Dexter learns Harry's secrets in the third season, and inadvertently reveals to Debra that Harry had cheated on his wife several times. This revelation has a profound effect on Debra, who loses all respect for the man she had always tried to live up to. Dexter, meanwhile, begins to question Harry's "code", realizing that he is the only one in charge of his "Dark Passenger". It is also revealed in season four that Harry had slept with many of his informants, not just Laura.

In the seventh season premiere, Debra witnesses Dexter murder Travis Marshall. Dexter claims that he went to collect evidence, and was surprised by Marshall; he then says that he "snapped" and killed him on impulse. Debra reluctantly helps him burn down the abandoned church where he killed Marshall, destroying the evidence of the crime. Later, Dexter comes home to Debra, who is surrounded by Dexter's victim's blood slides, a pack of knives, and other tools that Dexter uses to kill. Debra reluctantly asks Dexter if he is a serial killer. Dexter, taken aback, replies that he is. Horrified, Debra recoils from Dexter as he admits that he is the "Bay Harbor Butcher", and that Harry taught him how to get away with murder.

In season eight, Dexter learns that Harry had confided in Dr. Evelyn Vogel (Charlotte Rampling) about young Dexter's homicidal urges, and that she had helped him create Dexter's "code".

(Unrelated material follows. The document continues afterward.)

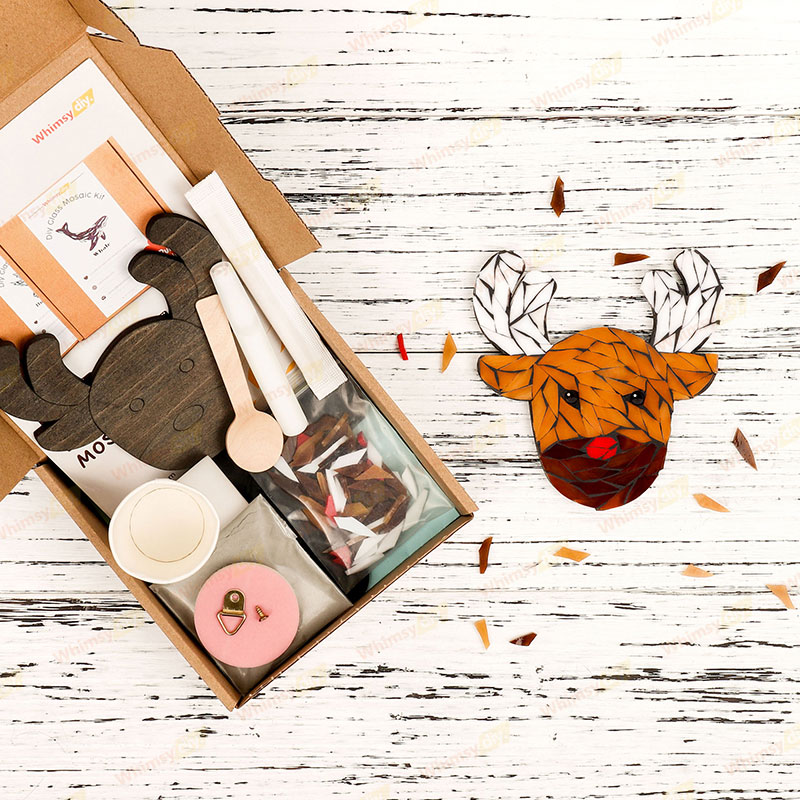 Rudolf The Reindeer Style-2 Glass Mosaic Kit-Ships on 8/10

Harry finally parts ways with Dexter in the series' penultimate episode, "Monkey in a Box", when Dexter decides to leave serial killer Oliver Saxon (Darri Ingolfsson) for the police and join his son Harrison and girlfriend Hannah McKay (Yvonne Strahovski) at the airport to move to Argentina. Harry tells Dexter that he no longer needs him, and bids him goodbye. However, he returns in Dexter: Resurrection.